- Entries provided -

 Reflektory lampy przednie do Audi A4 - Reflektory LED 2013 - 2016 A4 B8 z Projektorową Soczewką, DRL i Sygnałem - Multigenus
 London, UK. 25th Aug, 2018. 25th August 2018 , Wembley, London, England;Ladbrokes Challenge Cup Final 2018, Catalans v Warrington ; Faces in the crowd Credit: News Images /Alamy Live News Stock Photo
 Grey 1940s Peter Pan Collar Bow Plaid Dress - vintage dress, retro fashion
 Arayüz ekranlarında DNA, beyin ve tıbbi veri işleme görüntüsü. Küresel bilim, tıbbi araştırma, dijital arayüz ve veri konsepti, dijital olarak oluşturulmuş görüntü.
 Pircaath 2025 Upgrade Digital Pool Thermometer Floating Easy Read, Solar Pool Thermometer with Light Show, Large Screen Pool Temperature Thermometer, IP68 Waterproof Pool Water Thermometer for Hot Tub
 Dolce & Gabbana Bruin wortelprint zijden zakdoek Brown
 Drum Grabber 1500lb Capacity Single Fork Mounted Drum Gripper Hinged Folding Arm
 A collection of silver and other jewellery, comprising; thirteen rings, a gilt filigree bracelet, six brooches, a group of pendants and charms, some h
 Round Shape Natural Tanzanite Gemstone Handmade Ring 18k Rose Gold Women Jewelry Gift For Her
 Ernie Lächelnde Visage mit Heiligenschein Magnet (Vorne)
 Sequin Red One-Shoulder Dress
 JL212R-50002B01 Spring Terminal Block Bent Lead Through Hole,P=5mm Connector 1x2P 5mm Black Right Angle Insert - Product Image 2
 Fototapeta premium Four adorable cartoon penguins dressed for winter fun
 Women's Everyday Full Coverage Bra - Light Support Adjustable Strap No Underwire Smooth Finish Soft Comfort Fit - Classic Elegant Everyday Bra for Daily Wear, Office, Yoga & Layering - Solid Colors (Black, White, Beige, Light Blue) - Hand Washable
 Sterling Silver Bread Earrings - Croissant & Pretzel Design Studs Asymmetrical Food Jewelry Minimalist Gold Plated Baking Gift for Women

- Work to complete -
Write down only the number of lines that contain the string "Gift" in the listing.

- Answer below -
2